## TASK DIRECTIONS
Without changing anything, reproduce every record below.

════════════════

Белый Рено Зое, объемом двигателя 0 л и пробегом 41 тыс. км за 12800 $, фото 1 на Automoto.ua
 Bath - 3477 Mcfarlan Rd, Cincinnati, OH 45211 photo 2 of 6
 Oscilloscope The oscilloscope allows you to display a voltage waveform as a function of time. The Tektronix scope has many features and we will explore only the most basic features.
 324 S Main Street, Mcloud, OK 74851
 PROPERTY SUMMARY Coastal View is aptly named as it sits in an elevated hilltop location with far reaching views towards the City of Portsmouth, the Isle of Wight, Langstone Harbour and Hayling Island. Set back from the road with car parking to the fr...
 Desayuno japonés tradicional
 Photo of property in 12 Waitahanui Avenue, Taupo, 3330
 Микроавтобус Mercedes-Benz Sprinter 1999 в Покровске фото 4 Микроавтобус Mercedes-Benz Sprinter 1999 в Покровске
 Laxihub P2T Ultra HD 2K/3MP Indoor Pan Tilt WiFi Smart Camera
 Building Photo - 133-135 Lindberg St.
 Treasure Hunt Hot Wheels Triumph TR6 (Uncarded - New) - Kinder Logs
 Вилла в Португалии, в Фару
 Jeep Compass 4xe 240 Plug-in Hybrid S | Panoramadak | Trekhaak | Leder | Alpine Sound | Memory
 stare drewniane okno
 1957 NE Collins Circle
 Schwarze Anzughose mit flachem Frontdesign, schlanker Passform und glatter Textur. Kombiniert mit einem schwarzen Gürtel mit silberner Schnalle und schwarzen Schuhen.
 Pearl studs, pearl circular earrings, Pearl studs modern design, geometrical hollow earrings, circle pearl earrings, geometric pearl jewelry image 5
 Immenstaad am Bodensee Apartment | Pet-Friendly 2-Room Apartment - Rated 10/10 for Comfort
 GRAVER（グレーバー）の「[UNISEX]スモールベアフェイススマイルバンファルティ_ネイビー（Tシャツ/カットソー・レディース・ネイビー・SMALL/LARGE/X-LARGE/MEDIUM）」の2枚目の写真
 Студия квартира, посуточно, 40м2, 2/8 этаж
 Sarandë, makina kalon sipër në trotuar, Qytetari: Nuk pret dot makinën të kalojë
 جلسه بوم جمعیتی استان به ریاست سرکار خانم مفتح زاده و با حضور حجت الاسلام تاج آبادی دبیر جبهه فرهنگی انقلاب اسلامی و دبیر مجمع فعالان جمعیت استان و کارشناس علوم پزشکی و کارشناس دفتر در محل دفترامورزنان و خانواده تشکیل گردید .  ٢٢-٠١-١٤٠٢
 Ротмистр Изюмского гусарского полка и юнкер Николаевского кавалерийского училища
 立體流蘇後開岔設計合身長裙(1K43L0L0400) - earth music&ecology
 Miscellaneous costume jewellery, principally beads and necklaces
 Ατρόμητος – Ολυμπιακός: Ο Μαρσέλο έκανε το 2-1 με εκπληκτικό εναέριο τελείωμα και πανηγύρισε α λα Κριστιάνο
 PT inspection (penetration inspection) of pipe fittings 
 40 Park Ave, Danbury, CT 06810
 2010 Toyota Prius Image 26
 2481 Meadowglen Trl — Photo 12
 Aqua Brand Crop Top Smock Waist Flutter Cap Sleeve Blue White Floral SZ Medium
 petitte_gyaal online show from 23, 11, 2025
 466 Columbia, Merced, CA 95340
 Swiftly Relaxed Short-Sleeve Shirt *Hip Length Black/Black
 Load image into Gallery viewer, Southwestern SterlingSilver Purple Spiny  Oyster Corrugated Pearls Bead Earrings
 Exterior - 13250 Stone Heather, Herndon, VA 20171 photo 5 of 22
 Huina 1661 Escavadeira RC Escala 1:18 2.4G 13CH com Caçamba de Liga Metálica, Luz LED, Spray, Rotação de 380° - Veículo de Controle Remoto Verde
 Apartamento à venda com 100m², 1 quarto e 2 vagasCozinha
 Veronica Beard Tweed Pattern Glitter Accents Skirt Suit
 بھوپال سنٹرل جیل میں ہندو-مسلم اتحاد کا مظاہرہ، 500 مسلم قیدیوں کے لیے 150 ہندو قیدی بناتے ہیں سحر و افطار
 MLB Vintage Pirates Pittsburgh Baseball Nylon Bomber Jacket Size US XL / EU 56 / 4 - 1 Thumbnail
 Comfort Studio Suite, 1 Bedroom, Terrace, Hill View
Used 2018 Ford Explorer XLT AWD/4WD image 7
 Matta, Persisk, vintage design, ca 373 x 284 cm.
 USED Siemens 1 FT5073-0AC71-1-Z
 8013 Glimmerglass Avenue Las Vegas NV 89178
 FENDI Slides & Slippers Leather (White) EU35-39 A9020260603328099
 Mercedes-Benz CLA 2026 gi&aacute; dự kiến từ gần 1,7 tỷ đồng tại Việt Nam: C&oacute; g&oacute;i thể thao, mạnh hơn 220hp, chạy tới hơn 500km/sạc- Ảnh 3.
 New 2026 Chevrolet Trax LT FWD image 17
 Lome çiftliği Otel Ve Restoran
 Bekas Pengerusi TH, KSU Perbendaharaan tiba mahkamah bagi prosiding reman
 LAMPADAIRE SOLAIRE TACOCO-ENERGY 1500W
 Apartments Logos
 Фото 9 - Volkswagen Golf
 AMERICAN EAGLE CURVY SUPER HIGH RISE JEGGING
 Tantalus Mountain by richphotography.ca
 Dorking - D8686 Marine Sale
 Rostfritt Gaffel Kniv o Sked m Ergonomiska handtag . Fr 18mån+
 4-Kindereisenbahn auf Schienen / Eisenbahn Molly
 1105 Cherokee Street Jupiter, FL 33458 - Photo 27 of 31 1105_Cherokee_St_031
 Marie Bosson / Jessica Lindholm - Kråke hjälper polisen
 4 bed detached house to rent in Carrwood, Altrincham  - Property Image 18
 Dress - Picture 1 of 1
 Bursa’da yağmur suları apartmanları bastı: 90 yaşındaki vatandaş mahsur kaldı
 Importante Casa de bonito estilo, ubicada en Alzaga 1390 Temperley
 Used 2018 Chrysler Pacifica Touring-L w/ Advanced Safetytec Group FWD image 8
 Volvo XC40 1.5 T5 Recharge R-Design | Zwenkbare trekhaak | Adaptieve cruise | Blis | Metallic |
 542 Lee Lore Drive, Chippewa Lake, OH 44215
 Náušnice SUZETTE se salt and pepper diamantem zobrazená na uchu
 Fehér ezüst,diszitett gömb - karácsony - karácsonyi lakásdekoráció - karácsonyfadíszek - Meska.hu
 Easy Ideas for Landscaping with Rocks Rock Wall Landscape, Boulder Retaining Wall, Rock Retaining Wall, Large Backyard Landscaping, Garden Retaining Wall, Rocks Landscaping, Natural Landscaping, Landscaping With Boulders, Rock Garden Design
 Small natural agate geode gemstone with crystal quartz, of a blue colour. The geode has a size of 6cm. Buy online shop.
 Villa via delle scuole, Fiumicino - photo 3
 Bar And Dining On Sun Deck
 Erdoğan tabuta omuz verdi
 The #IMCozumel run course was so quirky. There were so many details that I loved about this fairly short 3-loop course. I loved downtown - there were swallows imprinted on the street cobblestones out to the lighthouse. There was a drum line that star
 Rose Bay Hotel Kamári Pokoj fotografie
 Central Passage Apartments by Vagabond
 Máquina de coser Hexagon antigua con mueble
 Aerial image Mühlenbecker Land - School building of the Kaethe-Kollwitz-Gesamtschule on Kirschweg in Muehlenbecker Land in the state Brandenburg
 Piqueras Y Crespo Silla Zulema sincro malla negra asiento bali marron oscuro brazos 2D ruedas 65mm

════════════════

## RESULT BELOW
Белый Рено Зое, объемом двигателя 0 л и пробегом 41 тыс. км за 12800 $, фото 1 на Automoto.ua
 Bath - 3477 Mcfarlan Rd, Cincinnati, OH 45211 photo 2 of 6
 Oscilloscope The oscilloscope allows you to display a voltage waveform as a function of time. The Tektronix scope has many features and we will explore only the most basic features.
 324 S Main Street, Mcloud, OK 74851
 PROPERTY SUMMARY Coastal View is aptly named as it sits in an elevated hilltop location with far reaching views towards the City of Portsmouth, the Isle of Wight, Langstone Harbour and Hayling Island. Set back from the road with car parking to the fr...
 Desayuno japonés tradicional
 Photo of property in 12 Waitahanui Avenue, Taupo, 3330
 Микроавтобус Mercedes-Benz Sprinter 1999 в Покровске фото 4 Микроавтобус Mercedes-Benz Sprinter 1999 в Покровске
 Laxihub P2T Ultra HD 2K/3MP Indoor Pan Tilt WiFi Smart Camera
 Building Photo - 133-135 Lindberg St.
 Treasure Hunt Hot Wheels Triumph TR6 (Uncarded - New) - Kinder Logs
 Вилла в Португалии, в Фару
 Jeep Compass 4xe 240 Plug-in Hybrid S | Panoramadak | Trekhaak | Leder | Alpine Sound | Memory
 stare drewniane okno
 1957 NE Collins Circle
 Schwarze Anzughose mit flachem Frontdesign, schlanker Passform und glatter Textur. Kombiniert mit einem schwarzen Gürtel mit silberner Schnalle und schwarzen Schuhen.
 Pearl studs, pearl circular earrings, Pearl studs modern design, geometrical hollow earrings, circle pearl earrings, geometric pearl jewelry image 5
 Immenstaad am Bodensee Apartment | Pet-Friendly 2-Room Apartment - Rated 10/10 for Comfort
 GRAVER（グレーバー）の「[UNISEX]スモールベアフェイススマイルバンファルティ_ネイビー（Tシャツ/カットソー・レディース・ネイビー・SMALL/LARGE/X-LARGE/MEDIUM）」の2枚目の写真
 Студия квартира, посуточно, 40м2, 2/8 этаж
 Sarandë, makina kalon sipër në trotuar, Qytetari: Nuk pret dot makinën të kalojë
 جلسه بوم جمعیتی استان به ریاست سرکار خانم مفتح زاده و با حضور حجت الاسلام تاج آبادی دبیر جبهه فرهنگی انقلاب اسلامی و دبیر مجمع فعالان جمعیت استان و کارشناس علوم پزشکی و کارشناس دفتر در محل دفترامورزنان و خانواده تشکیل گردید .  ٢٢-٠١-١٤٠٢
 Ротмистр Изюмского гусарского полка и юнкер Николаевского кавалерийского училища
 立體流蘇後開岔設計合身長裙(1K43L0L0400) - earth music&ecology
 Miscellaneous costume jewellery, principally beads and necklaces
 Ατρόμητος – Ολυμπιακός: Ο Μαρσέλο έκανε το 2-1 με εκπληκτικό εναέριο τελείωμα και πανηγύρισε α λα Κριστιάνο
 PT inspection (penetration inspection) of pipe fittings 
 40 Park Ave, Danbury, CT 06810
 2010 Toyota Prius Image 26
 2481 Meadowglen Trl — Photo 12
 Aqua Brand Crop Top Smock Waist Flutter Cap Sleeve Blue White Floral SZ Medium
 petitte_gyaal online show from 23, 11, 2025
 466 Columbia, Merced, CA 95340
 Swiftly Relaxed Short-Sleeve Shirt *Hip Length Black/Black
 Load image into Gallery viewer, Southwestern SterlingSilver Purple Spiny  Oyster Corrugated Pearls Bead Earrings
 Exterior - 13250 Stone Heather, Herndon, VA 20171 photo 5 of 22
 Huina 1661 Escavadeira RC Escala 1:18 2.4G 13CH com Caçamba de Liga Metálica, Luz LED, Spray, Rotação de 380° - Veículo de Controle Remoto Verde
 Apartamento à venda com 100m², 1 quarto e 2 vagasCozinha
 Veronica Beard Tweed Pattern Glitter Accents Skirt Suit
 بھوپال سنٹرل جیل میں ہندو-مسلم اتحاد کا مظاہرہ، 500 مسلم قیدیوں کے لیے 150 ہندو قیدی بناتے ہیں سحر و افطار
 MLB Vintage Pirates Pittsburgh Baseball Nylon Bomber Jacket Size US XL / EU 56 / 4 - 1 Thumbnail
 Comfort Studio Suite, 1 Bedroom, Terrace, Hill View
Used 2018 Ford Explorer XLT AWD/4WD image 7
 Matta, Persisk, vintage design, ca 373 x 284 cm.
 USED Siemens 1 FT5073-0AC71-1-Z
 8013 Glimmerglass Avenue Las Vegas NV 89178
 FENDI Slides & Slippers Leather (White) EU35-39 A9020260603328099
 Mercedes-Benz CLA 2026 gi&aacute; dự kiến từ gần 1,7 tỷ đồng tại Việt Nam: C&oacute; g&oacute;i thể thao, mạnh hơn 220hp, chạy tới hơn 500km/sạc- Ảnh 3.
 New 2026 Chevrolet Trax LT FWD image 17
 Lome çiftliği Otel Ve Restoran
 Bekas Pengerusi TH, KSU Perbendaharaan tiba mahkamah bagi prosiding reman
 LAMPADAIRE SOLAIRE TACOCO-ENERGY 1500W
 Apartments Logos
 Фото 9 - Volkswagen Golf
 AMERICAN EAGLE CURVY SUPER HIGH RISE JEGGING
 Tantalus Mountain by richphotography.ca
 Dorking - D8686 Marine Sale
 Rostfritt Gaffel Kniv o Sked m Ergonomiska handtag . Fr 18mån+
 4-Kindereisenbahn auf Schienen / Eisenbahn Molly
 1105 Cherokee Street Jupiter, FL 33458 - Photo 27 of 31 1105_Cherokee_St_031
 Marie Bosson / Jessica Lindholm - Kråke hjälper polisen
 4 bed detached house to rent in Carrwood, Altrincham  - Property Image 18
 Dress - Picture 1 of 1
 Bursa’da yağmur suları apartmanları bastı: 90 yaşındaki vatandaş mahsur kaldı
 Importante Casa de bonito estilo, ubicada en Alzaga 1390 Temperley
 Used 2018 Chrysler Pacifica Touring-L w/ Advanced Safetytec Group FWD image 8
 Volvo XC40 1.5 T5 Recharge R-Design | Zwenkbare trekhaak | Adaptieve cruise | Blis | Metallic |
 542 Lee Lore Drive, Chippewa Lake, OH 44215
 Náušnice SUZETTE se salt and pepper diamantem zobrazená na uchu
 Fehér ezüst,diszitett gömb - karácsony - karácsonyi lakásdekoráció - karácsonyfadíszek - Meska.hu
 Easy Ideas for Landscaping with Rocks Rock Wall Landscape, Boulder Retaining Wall, Rock Retaining Wall, Large Backyard Landscaping, Garden Retaining Wall, Rocks Landscaping, Natural Landscaping, Landscaping With Boulders, Rock Garden Design
 Small natural agate geode gemstone with crystal quartz, of a blue colour. The geode has a size of 6cm. Buy online shop.
 Villa via delle scuole, Fiumicino - photo 3
 Bar And Dining On Sun Deck
 Erdoğan tabuta omuz verdi
 The #IMCozumel run course was so quirky. There were so many details that I loved about this fairly short 3-loop course. I loved downtown - there were swallows imprinted on the street cobblestones out to the lighthouse. There was a drum line that star
 Rose Bay Hotel Kamári Pokoj fotografie
 Central Passage Apartments by Vagabond
 Máquina de coser Hexagon antigua con mueble
 Aerial image Mühlenbecker Land - School building of the Kaethe-Kollwitz-Gesamtschule on Kirschweg in Muehlenbecker Land in the state Brandenburg
 Piqueras Y Crespo Silla Zulema sincro malla negra asiento bali marron oscuro brazos 2D ruedas 65mm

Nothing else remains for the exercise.